Les captifs, majoritairement des hommes jeunes et robustes, étaient destinés à des rôles variés : domestiques, soldats, ouvriers agricoles ou eunuques dans les harems. La castration, pratiquée de manière systématique pour certains, entraînait un taux de mortalité extrêmement élevé – souvent plus de 80 % selon les estimations historiques. Les femmes et enfants subissaient d’autres formes d’exploitation, contribuant à une dépopulation progressive de régions entières.
- Razzias organisées dans les villages subsahariens
- Marches forcées à travers le désert, avec un taux de survie faible
- Intégration forcée dans des sociétés où la conversion offrait une échappatoire théorique, mais rarement appliquée aux Noirs
- Absence de descendance due aux mutilations et aux conditions de vie
- Persistance de formes d’esclavage dans certaines régions jusqu’au XXe siècle
Ces éléments, étayés par des sources arabes, européennes et africaines, forment le socle de son argumentation. L’auteur insiste sur le fait que cette traite n’a pas disparu brutalement ; des vestiges en subsistent encore dans certaines pratiques contemporaines, même si elles sont marginales.
Un appel à la mémoire partagée
Tidiane Ndiaye ne cherchait pas à opposer les mémoires, mais à les compléter. Il plaidait pour un travail de mémoire honnête sur tous les héritages esclavagistes, sans exception. Selon lui, ignorer la traite orientale revient à priver l’Afrique d’une partie de sa propre histoire, et à laisser perdurer des fractures raciales et culturelles internes au continent.
Il soulignait que la conversion massive à l’islam en Afrique subsaharienne a créé une fraternité religieuse qui a contribué à « voiler » ce passé douloureux. Pourtant, les effets démographiques – zones dépeuplées, déséquilibres ethniques – se font encore sentir aujourd’hui. Son message était clair : la reconnaissance de tous les chapitres sombres est indispensable pour guérir les blessures collectives.
« Il faut un travail de mémoire sur l’héritage de l’esclavage oriental, sans complaisance ni tabou. »
Cet appel résonne particulièrement dans un monde où les débats sur la repentance et la reconnaissance des crimes historiques restent vifs. Tidiane Ndiaye invitait à une histoire plurielle, où l’Afrique n’est pas seulement victime passive, mais actrice consciente de son passé complexe.
L’héritage d’un chercheur isolé mais essentiel
Aujourd’hui, force est de constater que ses idées continuent de circuler dans des cercles restreints, souvent sur les réseaux sociaux ou dans des publications alternatives. Ses livres restent disponibles, et certains lecteurs y trouvent des clés pour comprendre des tensions actuelles. Pourtant, l’absence de reconnaissance institutionnelle large pose question : pourquoi un intellectuel africain qui documente un génocide présumé sur son propre continent est-il si peu célébré ?

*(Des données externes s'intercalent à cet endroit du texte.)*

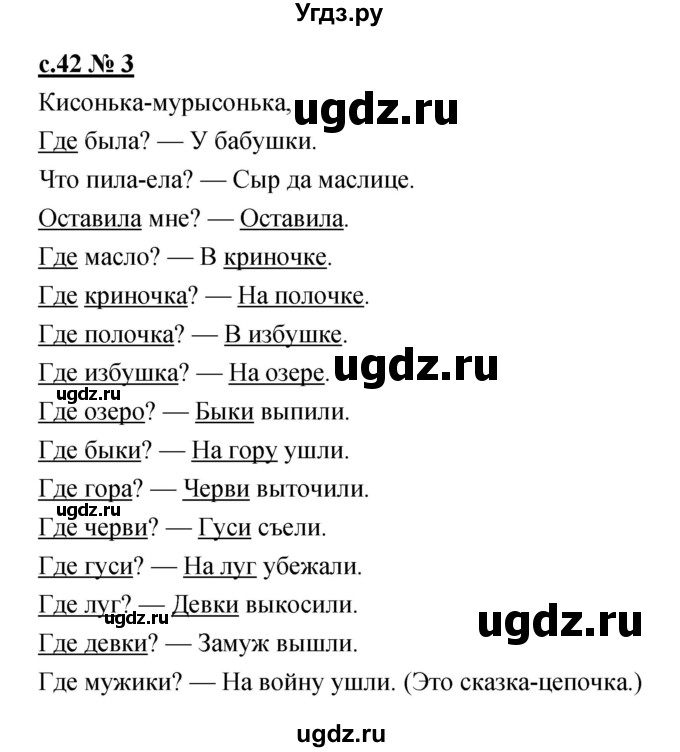 ГДЗ (Решебник) по литературе 1 класс (тетрадь для самостоятельной работы) Малаховская О.В. / страница номер / 42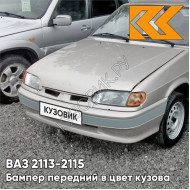 Бампер передний в цвет кузова ВАЗ 2113, 2114, 2115 без птф с полосой 280 - Мираж - Серебристо-бежевый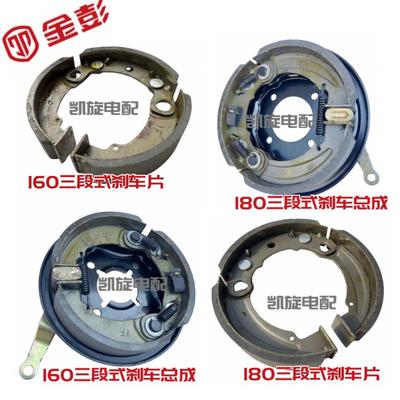 金彭宗申淮海电动三轮车刹车片三段式160/180刹车盘改装刹车总成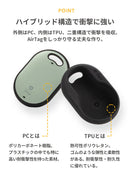 【正規通販】[AirTagケース]iFace First Classケース【エアタグ 紛失防止 ファーストクラスモデル くすみカラー 耐衝撃 カラビナ付き】｜スマホケース・スマホカバー・iPhoneケース通販のHamee
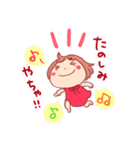 富山のともちゃん1（個別スタンプ：2）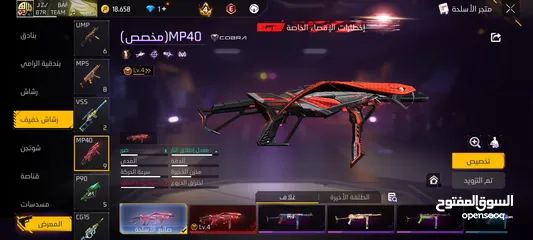  23 بسم الله الرحمن الرحيم  حساب فري فاير نوادر بجنن احلا الفاير باسات القديمة كثيير وحاضنات اسلحة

Son parcours illustre les difficultés rencontrées par ceux qui sortent des sentiers battus. Marginalisé pour ses positions, il a persisté dans sa quête de faits, sans chercher la polémique pour elle-même. Son attachement aux sources primaires et à l’analyse rigoureuse force le respect, même chez ceux qui contestent certaines de ses conclusions.
En disparaissant dans l’indifférence générale, Tidiane Ndiaye laisse un vide. Mais aussi un défi : celui de poursuivre le débat, d’explorer sans crainte les zones d’ombre de l’histoire, et de rendre justice à toutes les victimes oubliées. Son œuvre, courageuse et documentée, mérite d’être lue, discutée et transmise. Car seule une mémoire complète peut permettre à l’Afrique et au monde de tourner la page sans effacer les leçons du passé.
Avec plus de 3200 mots, cet article vise à redonner voix à un penseur dont le silence post-mortem contraste avec la puissance de ses écrits. Puissent ses idées continuer à éclairer les consciences.